Devletin diplomamızı iptali sonrası gittiğimiz Londra'da üniversiteyi yeniden okuyup bitirmişken bu kez Batıda bir başka paradigma değişikliğine şahit olmuştuk. 2001 yılının 11 Eylül günü ABD kendi kendisine saldırıp yeni dünya paradigmasını “İslam ile savaş” üzerine oluştururken bu olayın 1. yıldönümü olan 11 Eylül 2002'de Türkiye'ye dönmüştük. O günlerde Ak partinin iktidara gelerek paradigmayı sorgulamaya başlamasına henüz yaklaşık 2 ay vardı.
Seçim oldu, AK Parti tek başına iktidara geldi, biz Ak Parti İstanbul İl Başkanlığında Siyasi Hukuki İşler sekreteri olarak göreve başladık. Projeler yaptık. O projelerden biri nde 8 hafta sürecek “Siyasi komplo teorileri” dersini verirken 10 -15 kişilik bir gruba kabaca söyle demiştim:
“Sizin çocuklarınız Atatürk ideolojisi ile büyümeyecek. İdeolojiler ve kahramanlar ülkenin o günkü şartlarına ve ihtiyaçlarına göre yaratılır ve toplumun tüketimine sunulur. Atatürk ideolojisini kendi dünya görüşünüze göre sevgi ya da nefretle anlamaya çalışmayın. Atatürkçülük ve laiklik, savaşı kaybetmiş ve İslam bayraktarlığından yorgun düşmüş bir ülkenin Batıya 'tamam pes ediyorum, İslamı da bayraktarlığını da bıraktım, bundan sonra sen de beni rahat bırak' demesidir. Ülkenin güçlenmesi ile bu durum değişecektir”.

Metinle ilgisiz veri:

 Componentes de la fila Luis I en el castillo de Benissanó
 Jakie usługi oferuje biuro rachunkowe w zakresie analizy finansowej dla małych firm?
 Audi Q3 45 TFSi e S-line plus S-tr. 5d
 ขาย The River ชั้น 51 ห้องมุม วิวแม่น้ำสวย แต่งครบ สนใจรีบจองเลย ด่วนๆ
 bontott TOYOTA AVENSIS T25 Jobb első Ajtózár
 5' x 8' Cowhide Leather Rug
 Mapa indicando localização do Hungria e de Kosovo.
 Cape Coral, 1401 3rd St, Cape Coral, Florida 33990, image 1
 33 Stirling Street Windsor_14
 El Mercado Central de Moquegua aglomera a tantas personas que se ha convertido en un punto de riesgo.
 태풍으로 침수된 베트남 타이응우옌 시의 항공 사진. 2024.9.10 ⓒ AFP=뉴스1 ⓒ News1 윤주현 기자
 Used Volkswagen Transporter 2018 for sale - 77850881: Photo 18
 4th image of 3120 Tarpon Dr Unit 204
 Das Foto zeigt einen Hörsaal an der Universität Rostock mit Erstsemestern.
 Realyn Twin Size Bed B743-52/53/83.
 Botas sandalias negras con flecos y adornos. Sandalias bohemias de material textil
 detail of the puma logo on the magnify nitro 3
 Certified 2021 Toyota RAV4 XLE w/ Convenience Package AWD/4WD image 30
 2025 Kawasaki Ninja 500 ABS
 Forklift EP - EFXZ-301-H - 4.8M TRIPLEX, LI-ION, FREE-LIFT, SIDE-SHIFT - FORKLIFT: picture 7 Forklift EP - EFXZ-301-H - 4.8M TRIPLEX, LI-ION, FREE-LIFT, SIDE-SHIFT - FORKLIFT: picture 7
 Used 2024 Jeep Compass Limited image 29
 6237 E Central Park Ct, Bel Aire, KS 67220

Derse katılanların bazılarının “bu acaba ajan provokatör mü” tarzı bakışlarını görünce son 10 yılda Türkiye'den epey uzak kalarak bazı tabuları unuttuğumu farketmiş ve konuyu kapatmanın daha hayırlı olacağına karar vermiştim.
Tüm bunları niye anlattık.
İki gün önce Milli Savunma Bakanlığından gelme Milli Eğitim Bakanımız İsmet Yılmaz yeni eğitim müfredatını açıkladı. Kendisinin Milli Eğitim Bakanı olduğunu duyduğumuzda verdiğimiz ilk tepki “demek artık eğitim ülke savunması üzerine kurulacak” olmuştu.
Nitekim öyle de oldu. Paradigma değişimlerinin kokusunu en iyi alan gazete olan “Hürriyet” yine en doğru yerinden olayı yakaladı.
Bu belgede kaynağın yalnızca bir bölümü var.